Transformation of subcutaneous nitric oxide into nitrate in the rat

Following its addition to arterialized blood in vitro, nitric oxide (NO) is transformed into nitrate in the erythrocytes. Inhaled NO is similarly transformed into nitrate in the blood in vivo. These observations suggest that nitrate is a universal end-metabolite of NO, i.e. of endogenously formed NO as well. However, endogenous NO may also be inactivated in tissues, i.e. outside the vascular lumen. To study the fate of NO metabolized with delayed access to the blood, rats were given subcutaneous injections of (NO)-N-15 or (KNO3)-N-15, and the plasma concentrations of (NO3)-N-15- were followed for 450 min after injection.

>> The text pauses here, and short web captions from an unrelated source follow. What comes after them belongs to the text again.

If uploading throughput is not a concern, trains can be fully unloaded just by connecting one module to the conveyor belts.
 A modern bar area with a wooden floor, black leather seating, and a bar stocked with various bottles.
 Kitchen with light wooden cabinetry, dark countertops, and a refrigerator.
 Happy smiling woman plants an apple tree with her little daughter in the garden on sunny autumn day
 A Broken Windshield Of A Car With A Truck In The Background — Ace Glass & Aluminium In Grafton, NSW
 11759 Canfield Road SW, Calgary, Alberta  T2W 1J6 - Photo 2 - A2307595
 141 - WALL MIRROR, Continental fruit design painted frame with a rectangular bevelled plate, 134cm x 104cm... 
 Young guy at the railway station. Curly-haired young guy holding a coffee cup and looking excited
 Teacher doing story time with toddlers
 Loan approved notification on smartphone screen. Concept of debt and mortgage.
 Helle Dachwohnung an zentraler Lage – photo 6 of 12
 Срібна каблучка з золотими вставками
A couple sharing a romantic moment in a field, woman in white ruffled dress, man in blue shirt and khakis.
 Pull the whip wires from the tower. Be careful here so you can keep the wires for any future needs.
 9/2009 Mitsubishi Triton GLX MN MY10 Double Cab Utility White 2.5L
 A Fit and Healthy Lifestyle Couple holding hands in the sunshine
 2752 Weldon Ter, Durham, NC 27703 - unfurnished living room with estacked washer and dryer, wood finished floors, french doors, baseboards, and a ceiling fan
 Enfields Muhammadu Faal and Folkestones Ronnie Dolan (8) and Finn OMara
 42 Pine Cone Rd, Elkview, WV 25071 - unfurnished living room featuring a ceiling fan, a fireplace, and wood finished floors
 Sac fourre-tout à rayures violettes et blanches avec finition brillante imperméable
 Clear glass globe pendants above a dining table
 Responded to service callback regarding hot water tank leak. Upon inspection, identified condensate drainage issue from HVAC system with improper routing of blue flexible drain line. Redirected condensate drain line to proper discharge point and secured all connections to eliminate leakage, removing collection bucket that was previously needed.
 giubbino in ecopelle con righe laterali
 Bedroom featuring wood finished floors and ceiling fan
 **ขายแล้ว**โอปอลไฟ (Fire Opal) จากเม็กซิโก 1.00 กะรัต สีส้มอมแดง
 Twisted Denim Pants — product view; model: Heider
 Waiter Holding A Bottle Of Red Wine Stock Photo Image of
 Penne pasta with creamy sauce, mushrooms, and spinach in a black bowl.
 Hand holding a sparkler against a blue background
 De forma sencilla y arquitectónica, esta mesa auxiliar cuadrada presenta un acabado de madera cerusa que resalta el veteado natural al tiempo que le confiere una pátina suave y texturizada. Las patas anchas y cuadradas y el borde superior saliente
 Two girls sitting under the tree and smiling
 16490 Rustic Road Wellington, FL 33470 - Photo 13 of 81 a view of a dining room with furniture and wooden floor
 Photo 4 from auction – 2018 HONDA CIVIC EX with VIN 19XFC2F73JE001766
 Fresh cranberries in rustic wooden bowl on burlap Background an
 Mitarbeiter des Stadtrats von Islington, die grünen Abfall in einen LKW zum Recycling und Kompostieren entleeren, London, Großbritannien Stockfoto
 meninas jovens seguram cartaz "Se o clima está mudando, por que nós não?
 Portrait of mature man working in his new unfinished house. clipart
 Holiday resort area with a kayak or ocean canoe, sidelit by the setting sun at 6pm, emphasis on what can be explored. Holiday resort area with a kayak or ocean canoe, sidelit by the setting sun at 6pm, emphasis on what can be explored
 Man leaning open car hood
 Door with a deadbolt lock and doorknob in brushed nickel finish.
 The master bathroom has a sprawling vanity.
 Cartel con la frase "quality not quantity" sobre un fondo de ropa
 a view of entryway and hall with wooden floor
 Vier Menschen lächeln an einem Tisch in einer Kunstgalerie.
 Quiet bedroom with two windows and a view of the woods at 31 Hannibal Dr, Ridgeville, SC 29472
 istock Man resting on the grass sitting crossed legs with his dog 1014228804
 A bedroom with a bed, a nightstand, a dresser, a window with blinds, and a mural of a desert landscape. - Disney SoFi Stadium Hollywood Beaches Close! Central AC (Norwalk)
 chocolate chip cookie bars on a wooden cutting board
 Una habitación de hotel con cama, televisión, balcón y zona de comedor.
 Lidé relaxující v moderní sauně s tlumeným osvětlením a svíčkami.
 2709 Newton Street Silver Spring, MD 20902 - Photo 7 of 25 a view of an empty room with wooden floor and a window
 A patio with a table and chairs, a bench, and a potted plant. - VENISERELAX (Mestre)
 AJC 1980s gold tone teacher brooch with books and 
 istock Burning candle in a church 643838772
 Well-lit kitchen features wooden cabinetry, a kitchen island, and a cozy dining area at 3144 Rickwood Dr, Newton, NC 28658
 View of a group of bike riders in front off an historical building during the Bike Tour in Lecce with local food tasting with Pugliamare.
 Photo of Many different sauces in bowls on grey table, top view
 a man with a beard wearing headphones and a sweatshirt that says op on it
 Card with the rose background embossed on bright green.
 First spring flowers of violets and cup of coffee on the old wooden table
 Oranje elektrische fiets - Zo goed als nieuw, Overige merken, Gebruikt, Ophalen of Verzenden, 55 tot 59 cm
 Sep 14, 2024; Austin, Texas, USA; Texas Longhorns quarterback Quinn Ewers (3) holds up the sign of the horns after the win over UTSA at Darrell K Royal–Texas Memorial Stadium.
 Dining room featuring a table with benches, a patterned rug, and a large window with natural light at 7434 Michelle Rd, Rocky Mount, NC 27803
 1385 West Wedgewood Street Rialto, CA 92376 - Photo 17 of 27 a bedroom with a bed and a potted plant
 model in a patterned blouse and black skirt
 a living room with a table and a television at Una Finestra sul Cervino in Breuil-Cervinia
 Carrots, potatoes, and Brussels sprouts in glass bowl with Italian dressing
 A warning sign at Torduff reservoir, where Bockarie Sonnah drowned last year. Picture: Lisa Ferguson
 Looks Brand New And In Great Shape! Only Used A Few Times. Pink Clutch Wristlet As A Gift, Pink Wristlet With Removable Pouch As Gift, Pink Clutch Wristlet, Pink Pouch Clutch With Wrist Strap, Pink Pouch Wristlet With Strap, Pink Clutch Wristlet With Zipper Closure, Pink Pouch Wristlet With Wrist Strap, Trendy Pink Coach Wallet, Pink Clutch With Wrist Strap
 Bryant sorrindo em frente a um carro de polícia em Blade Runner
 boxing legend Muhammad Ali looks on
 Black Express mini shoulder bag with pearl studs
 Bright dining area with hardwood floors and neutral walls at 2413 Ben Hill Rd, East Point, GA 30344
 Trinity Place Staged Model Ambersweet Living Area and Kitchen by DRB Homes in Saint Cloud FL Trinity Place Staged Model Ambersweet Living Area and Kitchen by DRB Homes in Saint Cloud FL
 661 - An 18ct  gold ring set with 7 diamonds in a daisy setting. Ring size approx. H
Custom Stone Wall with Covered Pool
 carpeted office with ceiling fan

The values for the distribution volume and plasma decay (t1/2) of (NO3-)-N-15 did not differ between rats given N-15-labelled NO and NO3-. The area under the plasma decay curve for rats given (NO)-N-15 amounted to 89 % of the corresponding area for animals given (KNO3)-N-15. This demonstrates that (NO)-N-15, when given extravascularly in millimolar concentrations, is mainly transformed into N-15-labelled nitrate. Other rats were kept in an atmosphere containing a mixture of O-16(2) and O-18(2). Nitrate residues containing either one or two O-18 atoms were isolated from the blood, indicating that inhaled oxygen was incorporated during both the formation of NO and the subsequent transformation of NO into nitrate. The fraction of nitrate residues containing two O-18 atoms was larger than that containing one O-18 atom. We propose that nitrate is a major stable metabolite of endogenous NO that does not primarily diffuse into the vascular lumen following formation. Hence nitrate seems to be the quantitatively most important end-product of the metabolism of endogenous NO. The transformation of endogenous NO into nitrate involves the incorporation of inhaled oxygen.